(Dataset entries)
*-*-*
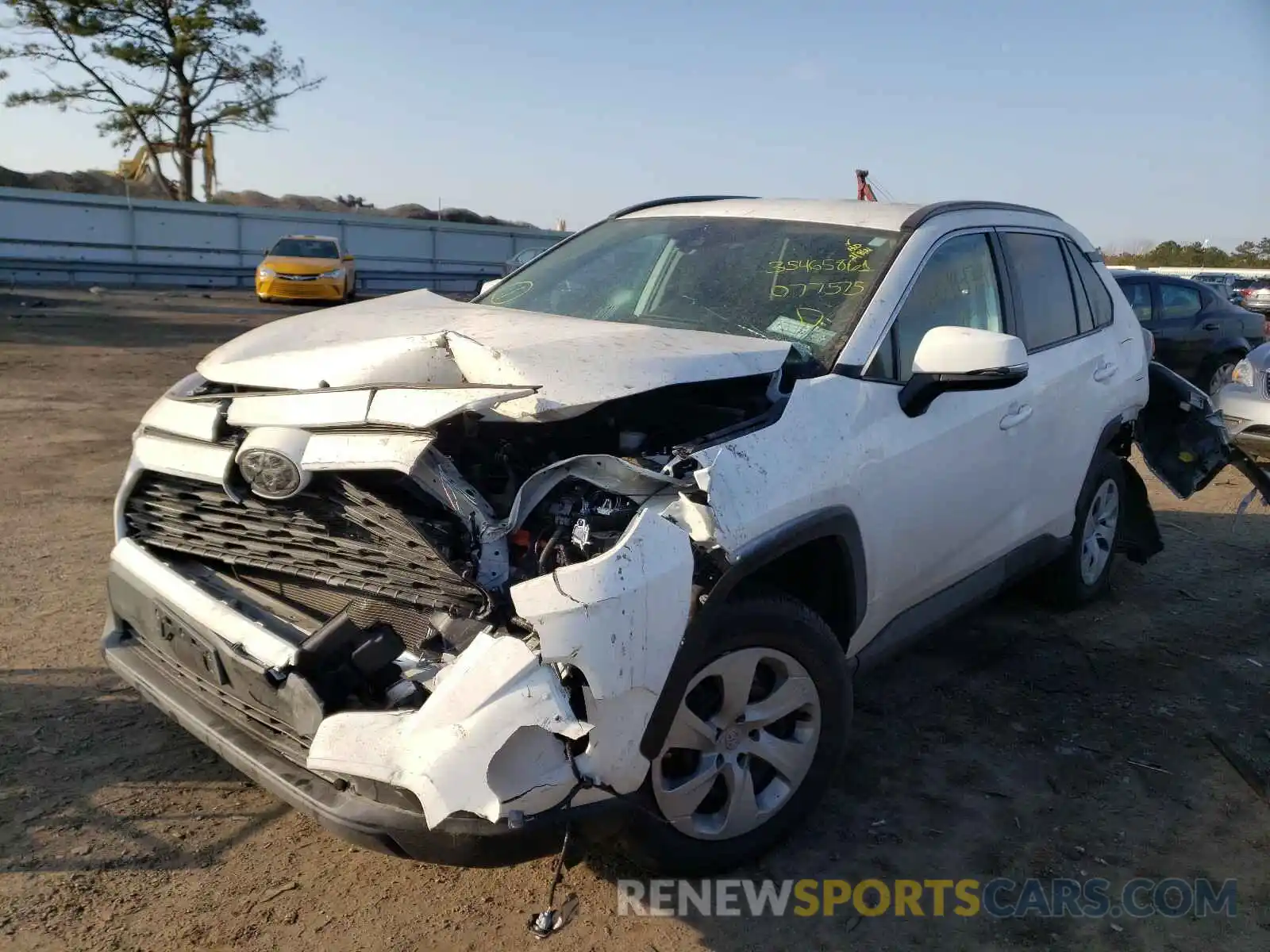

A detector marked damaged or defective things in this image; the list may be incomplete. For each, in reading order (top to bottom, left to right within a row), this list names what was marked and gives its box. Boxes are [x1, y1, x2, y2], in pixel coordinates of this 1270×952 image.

crumpled hood [196, 289, 794, 419]
damaged white suv [110, 197, 1213, 876]
crushed front bumper [102, 543, 629, 863]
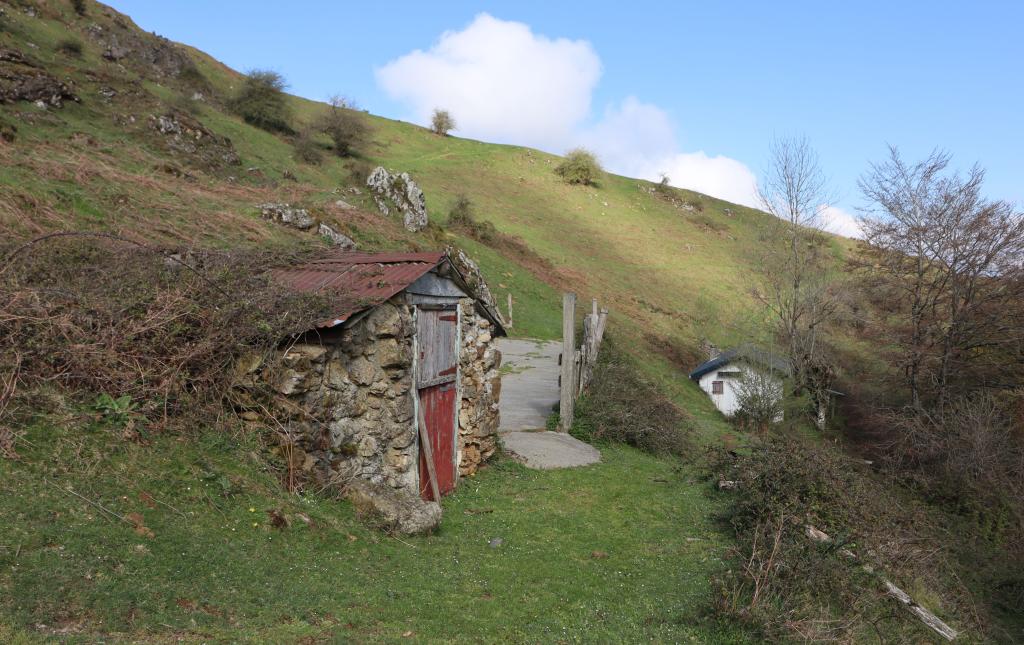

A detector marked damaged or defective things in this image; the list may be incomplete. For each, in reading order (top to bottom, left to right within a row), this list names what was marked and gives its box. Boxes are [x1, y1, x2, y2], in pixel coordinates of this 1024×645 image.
*-*-*
A precise copy of each record, with the images removed, should be output.

**THE COMPLETED TASK:**
A detector marked damaged or defective things in this image; the list may be incomplete. For each, in reading order (top to bottom, left to right within a row), this list names what was marked and gives its box. Boxes are [x1, y1, x2, y2], in pixel coordinates of this 1270×952 image.

crumpled hood [196, 289, 794, 419]
damaged white suv [110, 197, 1213, 876]
crushed front bumper [102, 543, 629, 863]

A detector marked damaged or defective things in this image; the list may be incomplete. For each, in reading order (top to bottom, left to right within a row), this list names what was marked and gives its box. Boxes are [x1, y1, x2, y2], in pixel coordinates of this 1024×645 image.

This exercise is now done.